The binding to oxidised cytochromes P-450 and inhibition of mixed-function oxidases by aryl-substituted benzimidazoles and related compounds.

A series of benzimidazole derivatives containing additional fused and non-fused aromatic groupings were effective inhibitors of aryl hydrocarbon hydroxylase (PB/AHH) and aminopyrine N-demethylase (ADPM) activities in hepatic microsomes from phenobarbitone(PB)-induced rats. Two structurally similar nitrogen heterocycles, 6-ethoxy-2-methylbenzoxazole and 6-methoxy-2-methylbenzothiazole, were moderately potent inhibitors of PB/AHH and APDM. Only phenanthro(9,10-d)imidazole (I50 = 2.2 X 10(-5) M) and 2-(2'-chlorophenoxy)methylbenzimidazole (I50 = 5.2 X 10(-5) M) were potent inhibitors of AHH activity in hepatic microsomes from 3-methylcholanthrene (3-MC)-induced rats. Five of the compounds were evaluated for the ability to bind to oxidised cytochromes P-450 in microsomal suspensions from induced rats. All compounds except phenanthro(9,10-d)imidazole elicited a type II spectral change with oxidised cytochrome P-450 in PB-induced microsomes, whereas only two compounds produced the type II change in 3-MC-induced microsomes. Two other compounds produced the type I spectral change in 3-MC-induced microsomal suspensions, and phenanthro-(9,10-d)imidazole elicited a reverse type I spectral change in both types of induced microsomes.
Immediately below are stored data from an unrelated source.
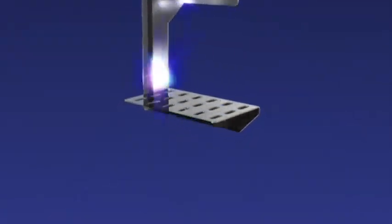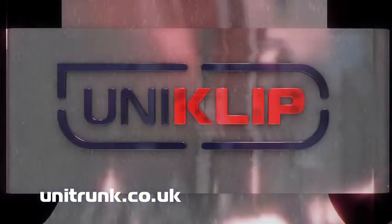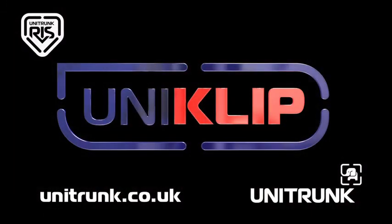Meeting all relevant standards with CE and BSI accreditation, load tested to industry standards and passing all relevant electrical continuity tests.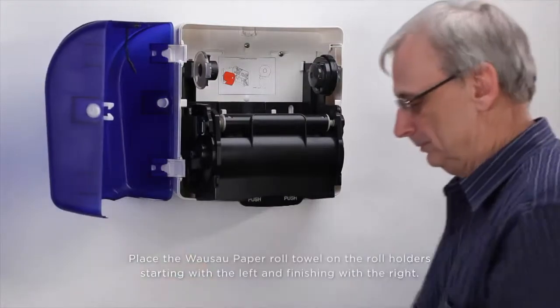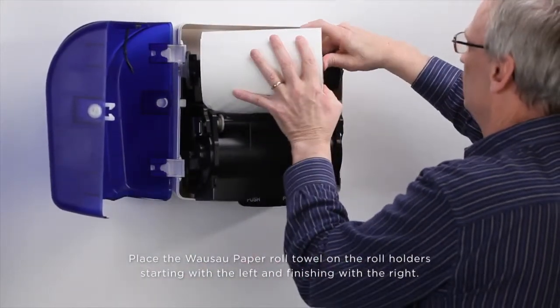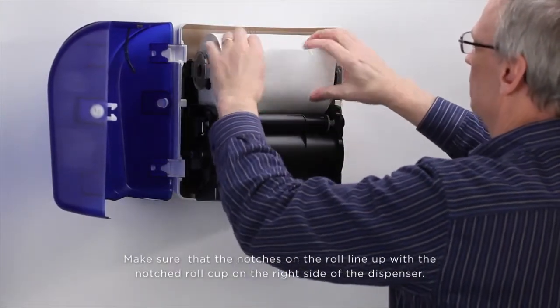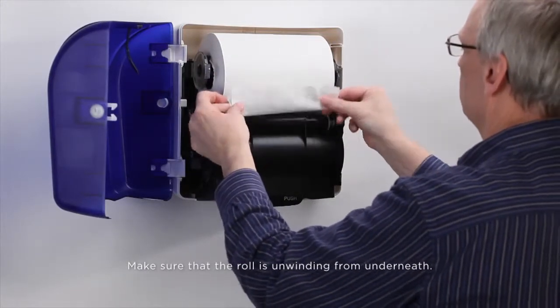Place the Wasaw paper roll towel on the roll holder, starting with the left and finishing with the right. Make sure that the notches on the roll line up with the notch roll cup on the right side of the dispenser. Make sure that the roll is unwinding from underneath.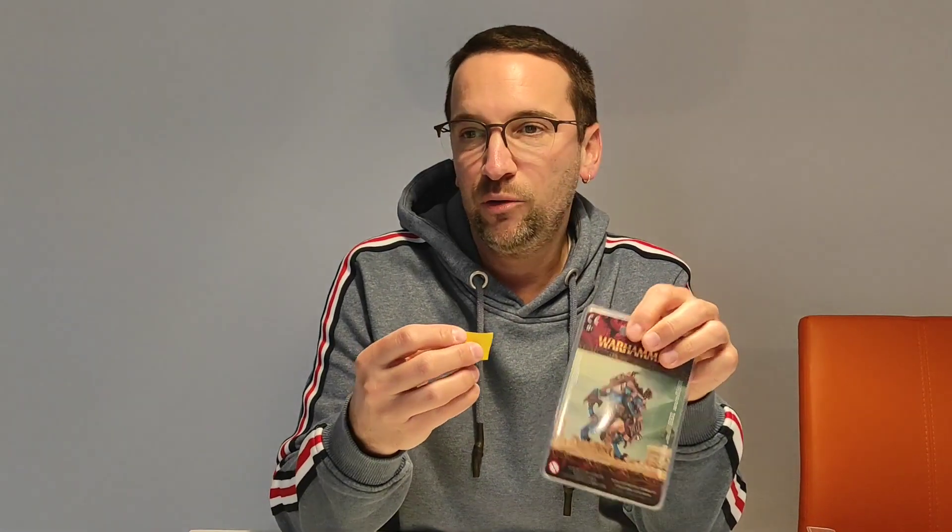Once again, congratulations and stay tuned. Maybe there will be further prizes in the future of our channel. Okay, bye. See you!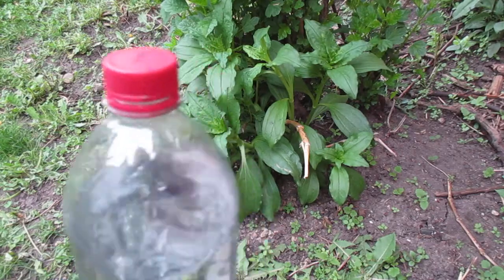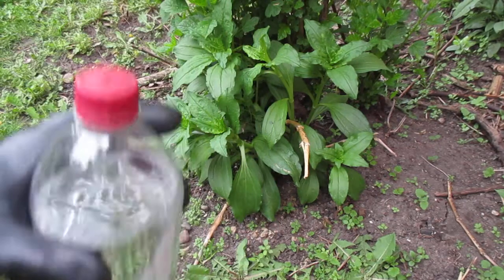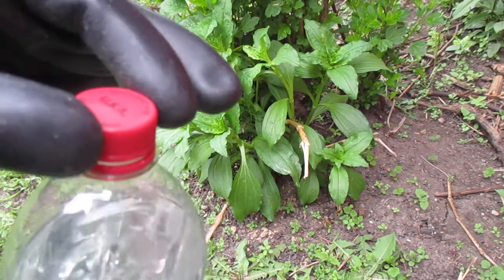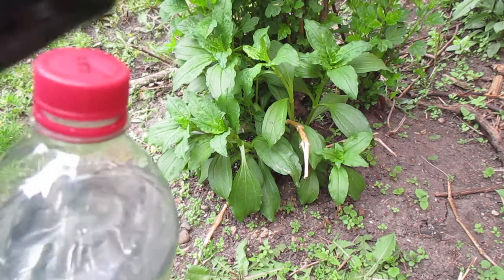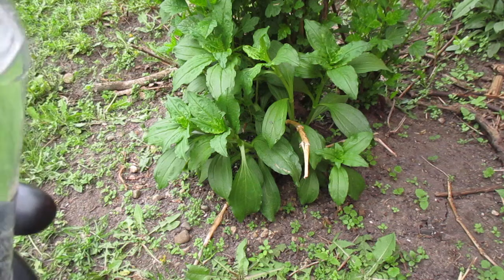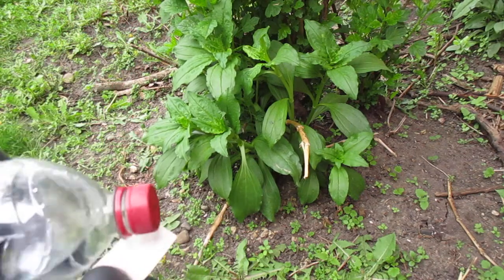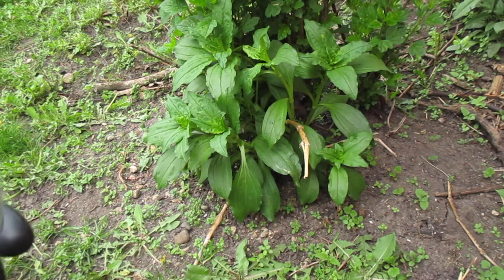When you take out the canteen, do not grab it by the cap like you may normally do. Grab it by the body, then lift it out of the carrier. Bring it forward using two fingers. Unscrew the cap just a little bit — not all the way. If water does not come out of the canteen, you can squeeze the sides a little bit and the pressure should force water out. We're checking, and this is negative.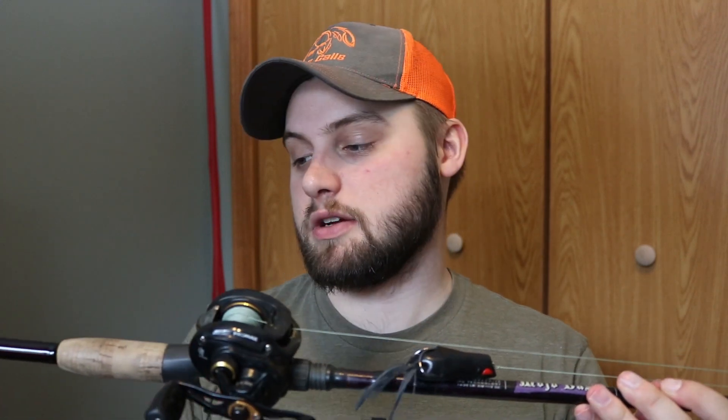I have no complaints with these St. Croix rods and Abu Garcia reels — just a bulletproof setup. That's going to wrap up the video: three setups for under $200 each that cover all your bases. One thing I didn't mention — for crankbaits or chatterbaits, the medium heavy handles that just fine.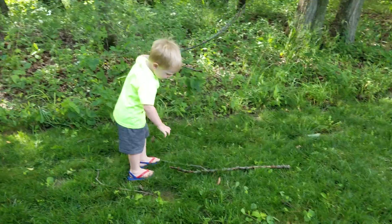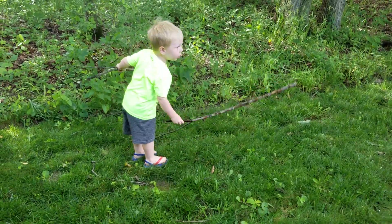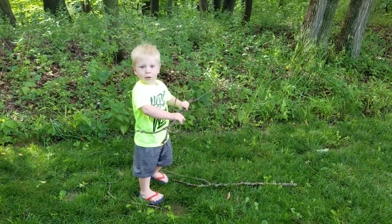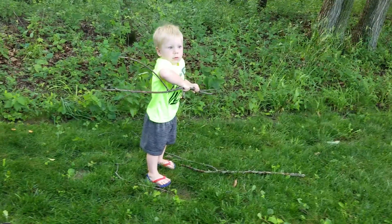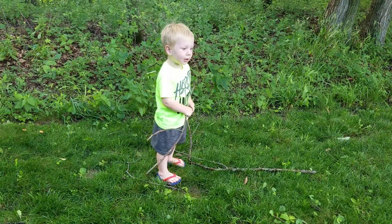I know I do. How does Papa break them? Does he? Is that how Papa does it? Yeah?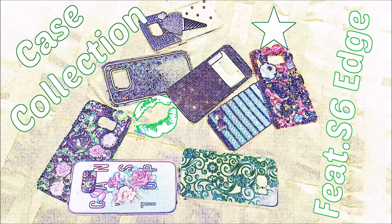Alright you guys, that is it for my case collection video featuring the Samsung Galaxy S6 Edge. If you enjoyed this video and would like to see more, please subscribe to my channel. Next up will be a 'What's on My Galaxy S6 Edge' video, so be on the lookout for that. As always, enjoy your day — bye bye!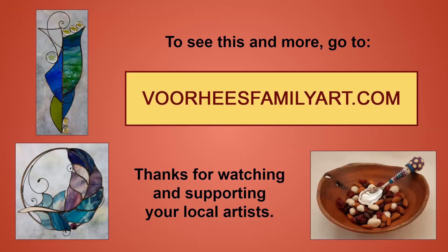Thanks for watching and supporting your local artists. You can find my work by going to the Voorhees Family website and clicking on my name.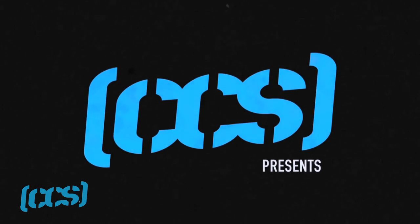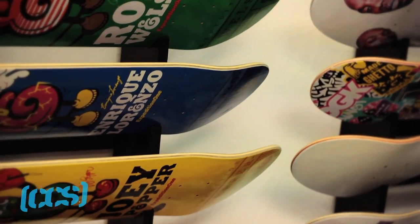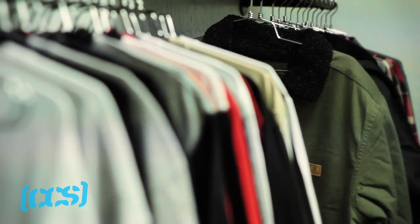Hey, what's up? This is Rob Welsh, and we're getting behind the design with Expedition at CCS.com. Let me take you through the Expedition line real quick. All right, here we go.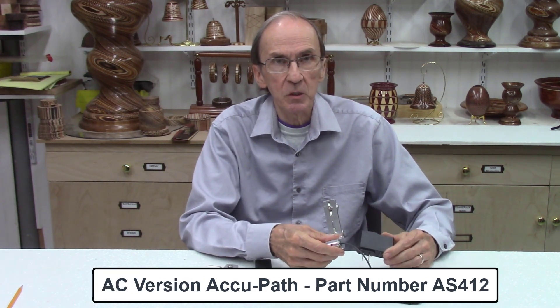This concludes the short video introducing the new AC powered version of our AccuPath bandsaw laser system. For additional details on both the AC version and the standard battery pack version, please visit the AccuPath web pages on our website. The standard version is part number AS410, and the new AC powered version is part number AS412. Both units are in stock for immediate delivery. If you have any questions or comments, please give us a call or drop us an email — we're happy to hear from you, and thank you for watching.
These results indicate that the precise structure of the benzimidazole derivative can determine the binding type that is observed in oxidised microsomes. It is possible, therefore, that more than a single mode of inhibition of monooxygenase activity is occurring and that inhibition, as well as binding type, is dependent on structure.